Avec un quatrième album aussi sophistiqué dans sa conception que sauvage dans son exécution, Foals repousse une fois de plus ses limites musicales et les limites musicales du format rock, sans jamais en trouver le bout. L’expérience live dans la Salle 3000 promet d’être saisissante ce vendredi.
“Quand je vois un homme, je vois un lion.” Chantant cela, Yannis Philippakis, le leader de Foals, serait un peu un anti-Joseph Kessel, auquel le titre Lonely Hunter pourrait être dédié et dont l’héroïne d’un des plus fameux romans voyait l’homme dans le lion.
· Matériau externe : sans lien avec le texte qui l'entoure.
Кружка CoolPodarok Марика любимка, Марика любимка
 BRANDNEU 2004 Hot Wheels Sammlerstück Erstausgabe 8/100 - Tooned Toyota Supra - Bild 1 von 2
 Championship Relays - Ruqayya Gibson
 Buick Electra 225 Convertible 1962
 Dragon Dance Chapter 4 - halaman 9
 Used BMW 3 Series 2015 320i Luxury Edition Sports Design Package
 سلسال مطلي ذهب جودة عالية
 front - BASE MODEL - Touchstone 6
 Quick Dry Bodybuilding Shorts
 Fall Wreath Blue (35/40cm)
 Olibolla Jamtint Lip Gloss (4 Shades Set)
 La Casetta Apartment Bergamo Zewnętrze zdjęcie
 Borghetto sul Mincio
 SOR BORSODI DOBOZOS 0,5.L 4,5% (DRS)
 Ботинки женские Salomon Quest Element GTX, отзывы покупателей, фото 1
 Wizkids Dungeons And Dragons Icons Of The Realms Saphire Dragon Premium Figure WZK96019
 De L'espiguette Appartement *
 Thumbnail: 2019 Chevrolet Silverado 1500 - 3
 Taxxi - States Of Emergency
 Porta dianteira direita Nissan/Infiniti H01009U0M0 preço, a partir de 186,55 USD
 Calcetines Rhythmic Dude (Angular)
En Philippakis, on voit les deux : un homme, d’une rare et précise intelligence, d’un génie musical sophistiqué et tordu, et un lion, implacable, imprévisible et enclin à la sauvagerie. Un être rugissant comme jamais sur le dernier album du groupe, What Went Down, à la fois accès de rage et impitoyable mécanique de précision.
Rhino dansant
C’est que le quatuor d’Oxford (déjà) a toujours dansé sur ce paradoxe d’être à la fois premier du club d’échecs, une brute en sport et celui qui fait danser les filles. C’est ainsi depuis leur inaugural Antidotes sorti en 2008. Là où le groupe, en dépit de ses inclinations matheuses (entendre pour le math rock, cette musique pour amateur de puzzle et de jeux scientifiques, qui n’aiment le rock que quand il n’est pas amusant) se voulait machine à danser, légère comme le cœur de l’étudiant à la sortie des partiels de janvier, What Went Down fait office de charge de Panzer ou, pour rester sur l’animalerie, de rhinocéros. En troupeau.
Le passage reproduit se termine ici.